#### Data listing ####

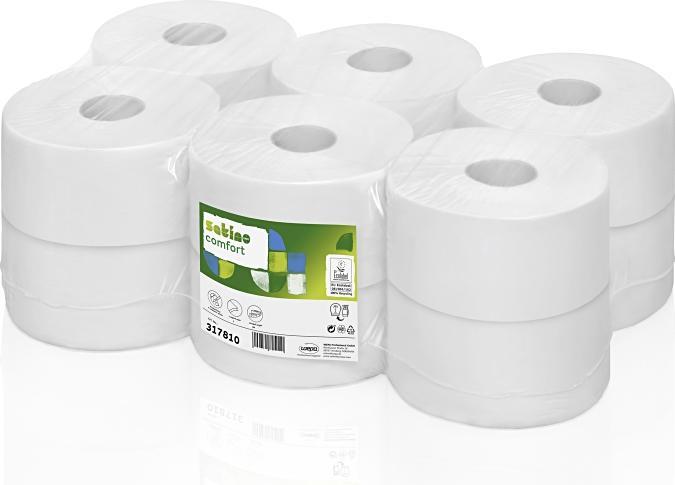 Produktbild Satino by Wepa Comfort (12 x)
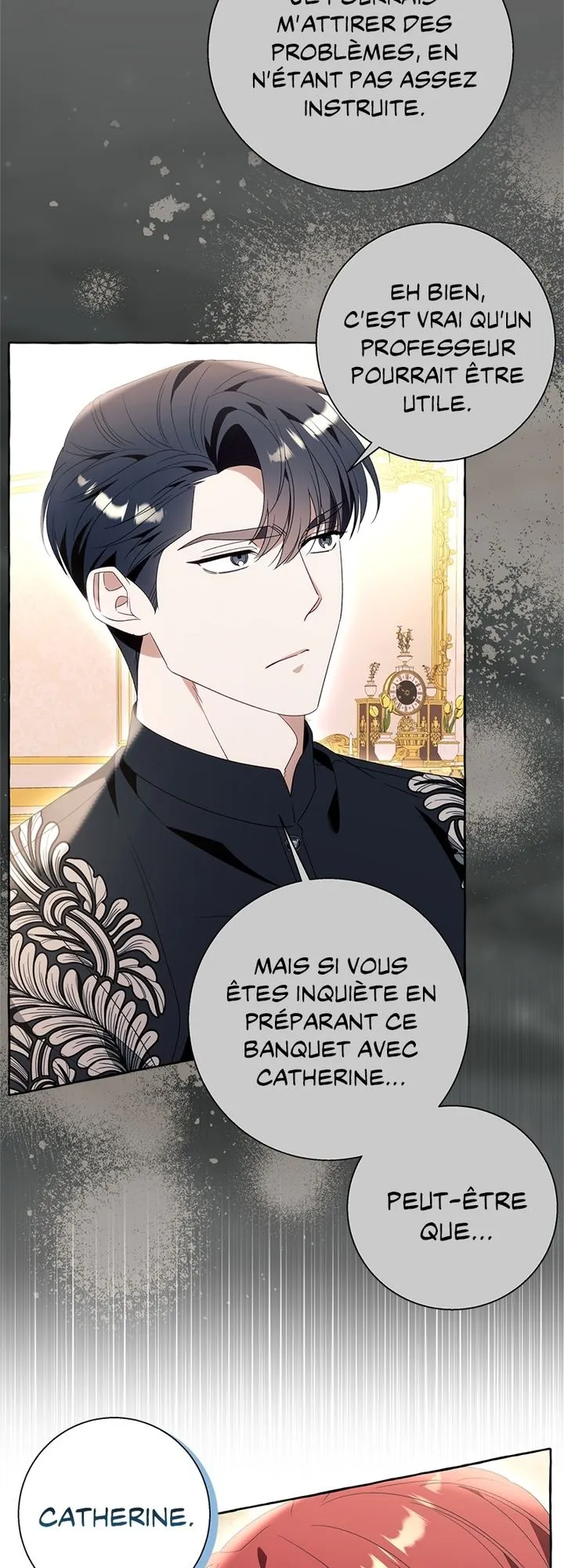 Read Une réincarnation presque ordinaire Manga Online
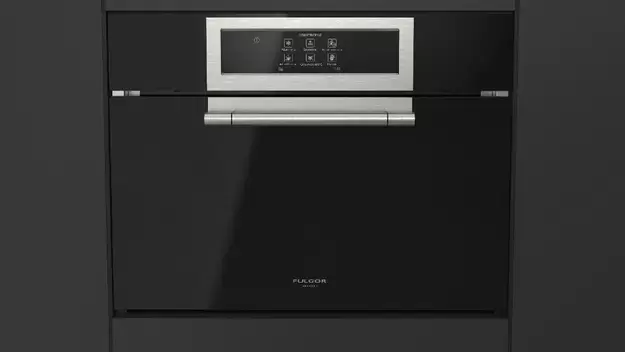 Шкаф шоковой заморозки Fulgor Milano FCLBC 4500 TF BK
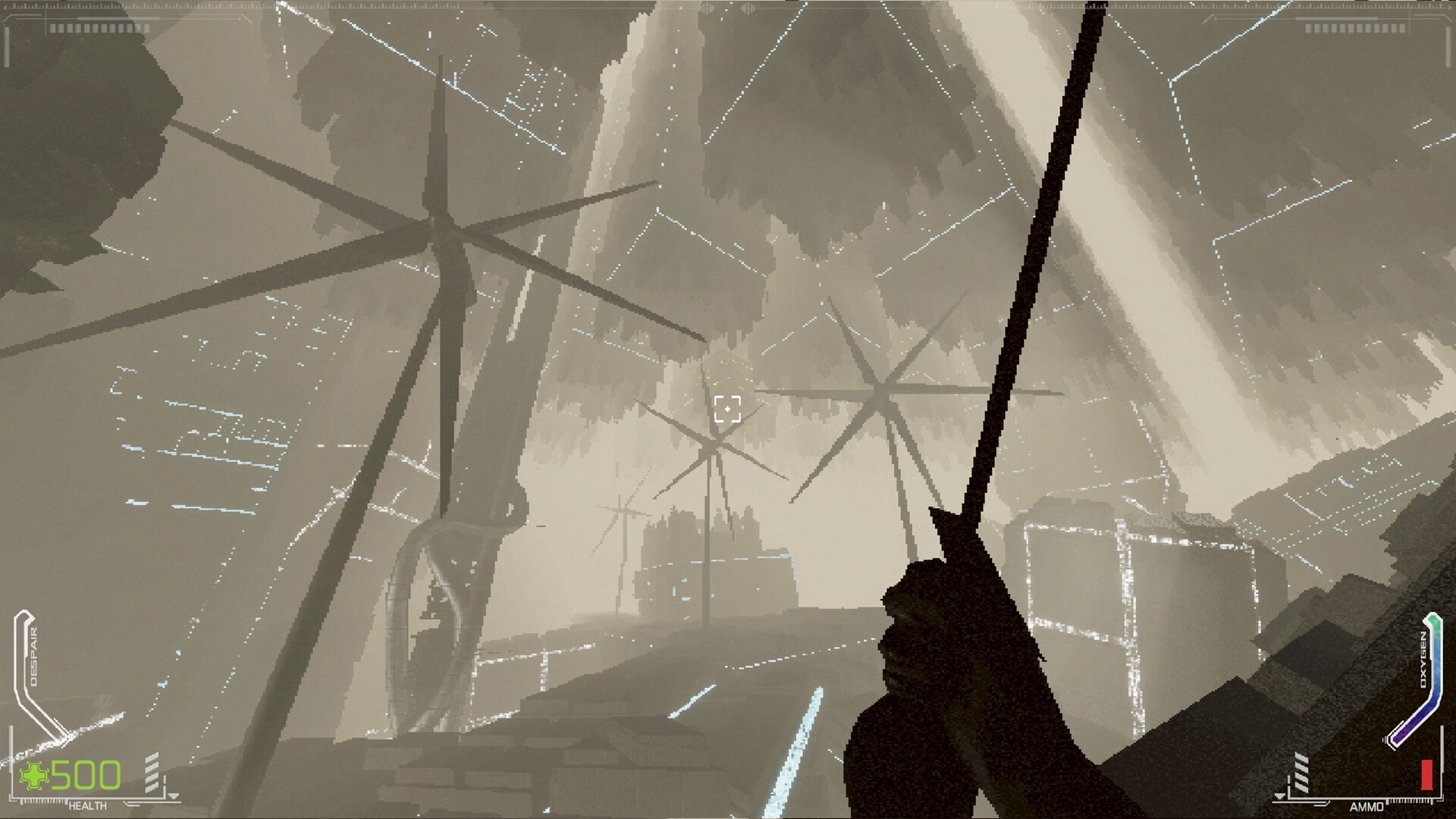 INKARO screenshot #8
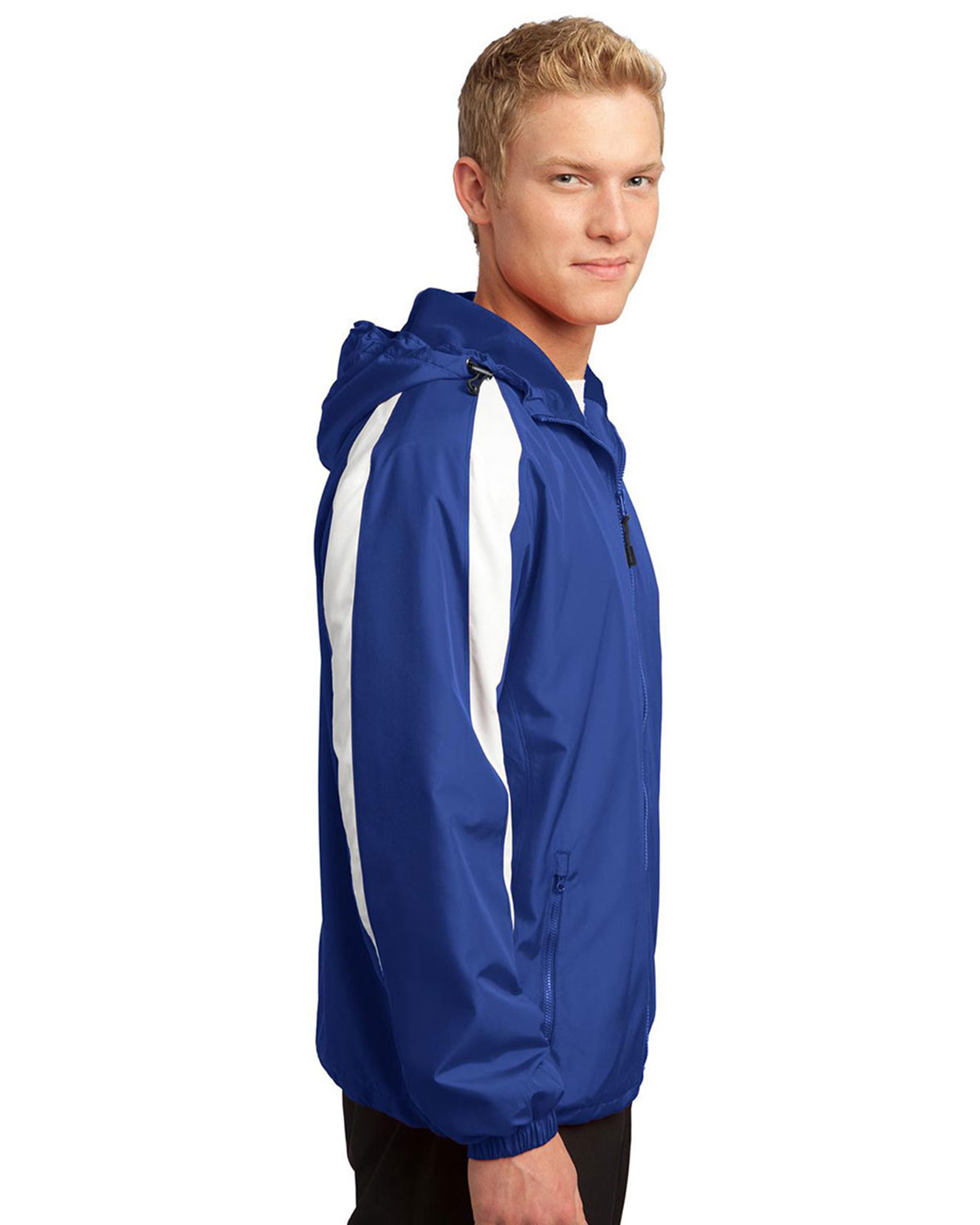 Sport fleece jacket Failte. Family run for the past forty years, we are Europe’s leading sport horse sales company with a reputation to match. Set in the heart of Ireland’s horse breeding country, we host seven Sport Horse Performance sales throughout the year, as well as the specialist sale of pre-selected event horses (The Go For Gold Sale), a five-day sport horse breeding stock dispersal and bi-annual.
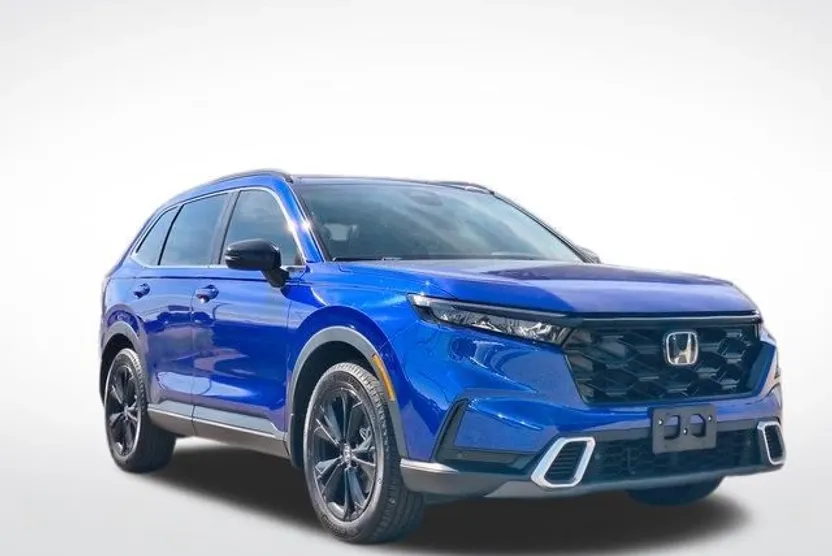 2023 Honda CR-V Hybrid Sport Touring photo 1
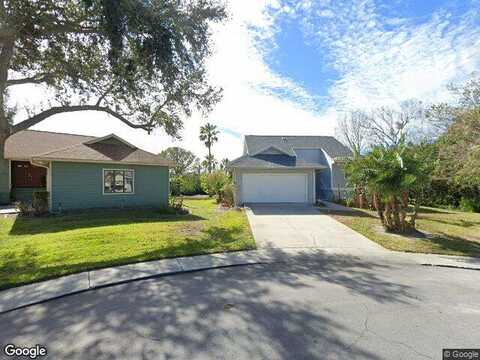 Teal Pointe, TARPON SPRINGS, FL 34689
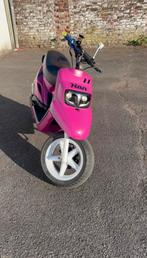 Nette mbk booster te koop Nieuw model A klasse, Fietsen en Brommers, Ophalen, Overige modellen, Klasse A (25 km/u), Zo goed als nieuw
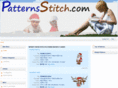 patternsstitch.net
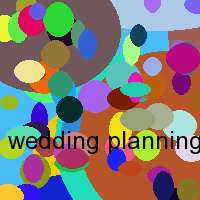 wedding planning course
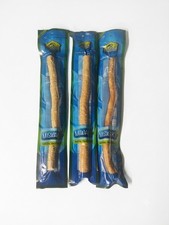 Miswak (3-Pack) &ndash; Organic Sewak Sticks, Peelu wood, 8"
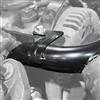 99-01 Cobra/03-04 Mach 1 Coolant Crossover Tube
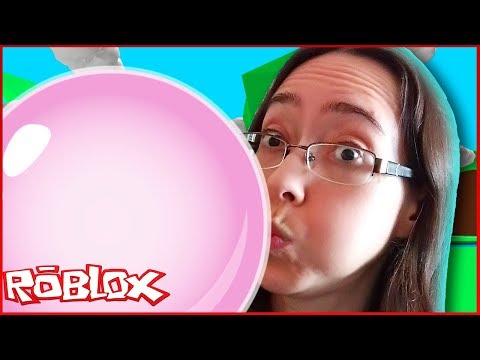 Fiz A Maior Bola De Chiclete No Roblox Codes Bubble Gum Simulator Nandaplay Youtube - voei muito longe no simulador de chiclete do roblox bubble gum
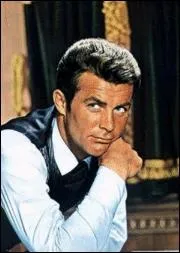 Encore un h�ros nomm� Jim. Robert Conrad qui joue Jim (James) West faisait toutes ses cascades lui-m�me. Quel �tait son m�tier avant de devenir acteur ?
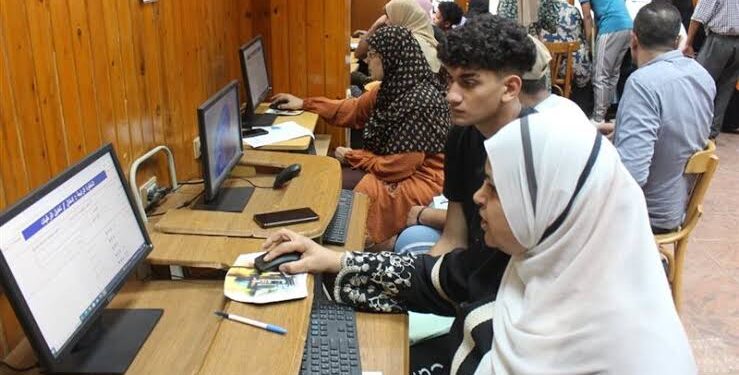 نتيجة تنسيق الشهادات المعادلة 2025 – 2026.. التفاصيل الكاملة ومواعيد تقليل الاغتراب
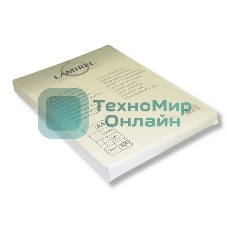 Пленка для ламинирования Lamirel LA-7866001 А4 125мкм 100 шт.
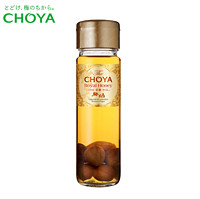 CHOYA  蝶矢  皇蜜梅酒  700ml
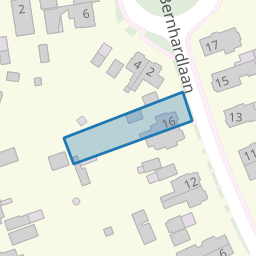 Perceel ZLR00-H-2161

####

▸ **Description of the task**: Return the entries above exactly, skipping any images.

▸ **Answer space**:
 Produktbild Satino by Wepa Comfort (12 x)
 Read Une réincarnation presque ordinaire Manga Online
 Шкаф шоковой заморозки Fulgor Milano FCLBC 4500 TF BK
 INKARO screenshot #8
 Sport fleece jacket Failte. Family run for the past forty years, we are Europe’s leading sport horse sales company with a reputation to match. Set in the heart of Ireland’s horse breeding country, we host seven Sport Horse Performance sales throughout the year, as well as the specialist sale of pre-selected event horses (The Go For Gold Sale), a five-day sport horse breeding stock dispersal and bi-annual.
 2023 Honda CR-V Hybrid Sport Touring photo 1
 Teal Pointe, TARPON SPRINGS, FL 34689
 Nette mbk booster te koop Nieuw model A klasse, Fietsen en Brommers, Ophalen, Overige modellen, Klasse A (25 km/u), Zo goed als nieuw
 patternsstitch.net
 wedding planning course
 Miswak (3-Pack) &ndash; Organic Sewak Sticks, Peelu wood, 8"
 99-01 Cobra/03-04 Mach 1 Coolant Crossover Tube
 Fiz A Maior Bola De Chiclete No Roblox Codes Bubble Gum Simulator Nandaplay Youtube - voei muito longe no simulador de chiclete do roblox bubble gum
 Encore un h�ros nomm� Jim. Robert Conrad qui joue Jim (James) West faisait toutes ses cascades lui-m�me. Quel �tait son m�tier avant de devenir acteur ?
 نتيجة تنسيق الشهادات المعادلة 2025 – 2026.. التفاصيل الكاملة ومواعيد تقليل الاغتراب
 Пленка для ламинирования Lamirel LA-7866001 А4 125мкм 100 шт.
 CHOYA  蝶矢  皇蜜梅酒  700ml
 Perceel ZLR00-H-2161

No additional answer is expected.